━━━━━ Data for review ━━━━━

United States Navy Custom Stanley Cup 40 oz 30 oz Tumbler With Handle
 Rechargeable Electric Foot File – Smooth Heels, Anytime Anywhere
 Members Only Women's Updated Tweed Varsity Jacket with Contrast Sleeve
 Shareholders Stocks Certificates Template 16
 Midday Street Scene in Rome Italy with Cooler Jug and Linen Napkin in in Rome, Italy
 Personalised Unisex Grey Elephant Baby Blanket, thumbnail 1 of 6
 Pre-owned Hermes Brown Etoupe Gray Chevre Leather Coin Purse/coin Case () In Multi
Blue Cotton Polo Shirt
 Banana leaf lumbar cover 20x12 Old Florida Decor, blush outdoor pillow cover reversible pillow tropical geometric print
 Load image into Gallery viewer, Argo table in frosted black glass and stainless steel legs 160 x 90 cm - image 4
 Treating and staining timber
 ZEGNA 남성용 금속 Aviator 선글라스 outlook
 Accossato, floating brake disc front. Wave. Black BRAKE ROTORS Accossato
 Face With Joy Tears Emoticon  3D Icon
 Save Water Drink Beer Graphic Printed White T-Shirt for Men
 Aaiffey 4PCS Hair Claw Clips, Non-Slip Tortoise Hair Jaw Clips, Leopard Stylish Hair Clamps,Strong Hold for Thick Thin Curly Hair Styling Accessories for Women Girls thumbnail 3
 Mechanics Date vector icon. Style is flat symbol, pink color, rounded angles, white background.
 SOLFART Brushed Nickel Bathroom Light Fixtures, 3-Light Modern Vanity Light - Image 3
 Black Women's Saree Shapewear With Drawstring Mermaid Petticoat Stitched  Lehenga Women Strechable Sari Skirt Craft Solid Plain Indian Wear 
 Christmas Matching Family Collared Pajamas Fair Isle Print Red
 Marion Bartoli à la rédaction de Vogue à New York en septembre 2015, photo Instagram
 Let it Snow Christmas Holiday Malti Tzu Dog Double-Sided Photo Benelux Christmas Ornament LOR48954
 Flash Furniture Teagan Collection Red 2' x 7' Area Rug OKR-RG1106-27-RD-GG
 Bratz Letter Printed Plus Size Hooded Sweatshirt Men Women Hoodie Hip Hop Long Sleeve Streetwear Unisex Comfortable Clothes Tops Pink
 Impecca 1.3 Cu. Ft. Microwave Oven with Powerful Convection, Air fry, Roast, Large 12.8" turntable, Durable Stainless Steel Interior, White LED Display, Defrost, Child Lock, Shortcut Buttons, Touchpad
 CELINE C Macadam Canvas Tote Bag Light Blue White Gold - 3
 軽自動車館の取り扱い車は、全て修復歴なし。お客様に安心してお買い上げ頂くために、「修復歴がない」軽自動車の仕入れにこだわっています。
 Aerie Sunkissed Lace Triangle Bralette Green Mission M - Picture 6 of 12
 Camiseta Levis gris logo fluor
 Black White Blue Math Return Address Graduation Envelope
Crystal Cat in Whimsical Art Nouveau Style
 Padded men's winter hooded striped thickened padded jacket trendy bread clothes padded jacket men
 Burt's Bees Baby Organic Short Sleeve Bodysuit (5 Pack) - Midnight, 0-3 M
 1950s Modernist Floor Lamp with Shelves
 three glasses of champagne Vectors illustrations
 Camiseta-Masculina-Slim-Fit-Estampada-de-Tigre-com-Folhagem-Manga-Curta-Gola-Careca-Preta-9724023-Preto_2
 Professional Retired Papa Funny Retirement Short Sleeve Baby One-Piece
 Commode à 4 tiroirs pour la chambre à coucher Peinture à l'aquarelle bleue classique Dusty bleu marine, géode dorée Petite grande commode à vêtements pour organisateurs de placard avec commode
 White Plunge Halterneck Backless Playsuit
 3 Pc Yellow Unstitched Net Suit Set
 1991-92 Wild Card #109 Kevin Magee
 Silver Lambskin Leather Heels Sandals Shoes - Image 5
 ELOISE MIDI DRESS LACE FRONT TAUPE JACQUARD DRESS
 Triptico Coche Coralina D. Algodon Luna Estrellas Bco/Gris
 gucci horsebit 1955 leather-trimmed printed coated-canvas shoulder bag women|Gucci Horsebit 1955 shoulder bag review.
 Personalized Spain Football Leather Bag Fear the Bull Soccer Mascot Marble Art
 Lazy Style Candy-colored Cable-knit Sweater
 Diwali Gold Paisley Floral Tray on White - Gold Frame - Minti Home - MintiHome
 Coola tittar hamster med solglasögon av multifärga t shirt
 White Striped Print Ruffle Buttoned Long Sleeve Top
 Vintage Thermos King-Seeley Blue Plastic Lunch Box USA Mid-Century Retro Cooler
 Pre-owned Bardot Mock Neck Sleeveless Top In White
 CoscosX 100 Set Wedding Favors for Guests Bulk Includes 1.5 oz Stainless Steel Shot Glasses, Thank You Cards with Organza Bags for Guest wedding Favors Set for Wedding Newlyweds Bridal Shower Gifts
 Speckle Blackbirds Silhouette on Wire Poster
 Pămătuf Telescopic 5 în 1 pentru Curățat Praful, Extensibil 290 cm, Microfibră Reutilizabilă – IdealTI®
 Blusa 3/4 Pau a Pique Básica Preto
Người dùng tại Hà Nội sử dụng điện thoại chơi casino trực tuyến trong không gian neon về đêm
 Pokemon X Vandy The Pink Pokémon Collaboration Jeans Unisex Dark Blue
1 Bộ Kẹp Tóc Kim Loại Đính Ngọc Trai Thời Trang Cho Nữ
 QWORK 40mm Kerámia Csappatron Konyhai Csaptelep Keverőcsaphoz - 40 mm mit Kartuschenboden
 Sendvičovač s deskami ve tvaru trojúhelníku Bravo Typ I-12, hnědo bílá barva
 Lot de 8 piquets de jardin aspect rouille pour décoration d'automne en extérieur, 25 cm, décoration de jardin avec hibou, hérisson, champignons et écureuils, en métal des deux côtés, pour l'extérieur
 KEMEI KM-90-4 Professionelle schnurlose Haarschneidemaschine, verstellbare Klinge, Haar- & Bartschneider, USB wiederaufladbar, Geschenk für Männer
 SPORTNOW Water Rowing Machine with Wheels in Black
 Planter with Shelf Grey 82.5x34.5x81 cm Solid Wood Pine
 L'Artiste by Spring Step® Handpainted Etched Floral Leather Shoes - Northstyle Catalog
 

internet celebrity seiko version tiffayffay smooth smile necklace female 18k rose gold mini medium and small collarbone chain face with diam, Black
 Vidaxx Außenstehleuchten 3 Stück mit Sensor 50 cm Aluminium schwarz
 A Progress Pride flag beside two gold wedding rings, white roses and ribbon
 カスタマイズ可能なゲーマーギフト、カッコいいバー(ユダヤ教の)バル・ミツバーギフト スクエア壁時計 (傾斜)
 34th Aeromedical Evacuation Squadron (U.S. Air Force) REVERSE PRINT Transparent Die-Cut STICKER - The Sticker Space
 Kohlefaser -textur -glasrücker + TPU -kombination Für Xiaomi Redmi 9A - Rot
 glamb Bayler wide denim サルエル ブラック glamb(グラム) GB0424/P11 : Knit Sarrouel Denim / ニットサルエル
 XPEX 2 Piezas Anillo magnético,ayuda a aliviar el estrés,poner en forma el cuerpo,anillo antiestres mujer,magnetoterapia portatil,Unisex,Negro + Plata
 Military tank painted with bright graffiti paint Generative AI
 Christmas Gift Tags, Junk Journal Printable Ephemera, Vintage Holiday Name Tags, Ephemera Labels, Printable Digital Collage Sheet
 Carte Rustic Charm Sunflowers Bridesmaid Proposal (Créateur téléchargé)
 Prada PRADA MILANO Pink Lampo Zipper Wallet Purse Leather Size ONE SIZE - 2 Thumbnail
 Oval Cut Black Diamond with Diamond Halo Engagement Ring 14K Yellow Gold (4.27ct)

━━━━━

## Task details
Look above for the line containing "Black Women's Saree" and the line containing "Impecca 1.3 Cu.". Transcribe both, with the lines between them, exactly.

## Response to this task
 Black Women's Saree Shapewear With Drawstring Mermaid Petticoat Stitched  Lehenga Women Strechable Sari Skirt Craft Solid Plain Indian Wear 
 Christmas Matching Family Collared Pajamas Fair Isle Print Red
 Marion Bartoli à la rédaction de Vogue à New York en septembre 2015, photo Instagram
 Let it Snow Christmas Holiday Malti Tzu Dog Double-Sided Photo Benelux Christmas Ornament LOR48954
 Flash Furniture Teagan Collection Red 2' x 7' Area Rug OKR-RG1106-27-RD-GG
 Bratz Letter Printed Plus Size Hooded Sweatshirt Men Women Hoodie Hip Hop Long Sleeve Streetwear Unisex Comfortable Clothes Tops Pink
 Impecca 1.3 Cu. Ft. Microwave Oven with Powerful Convection, Air fry, Roast, Large 12.8" turntable, Durable Stainless Steel Interior, White LED Display, Defrost, Child Lock, Shortcut Buttons, Touchpad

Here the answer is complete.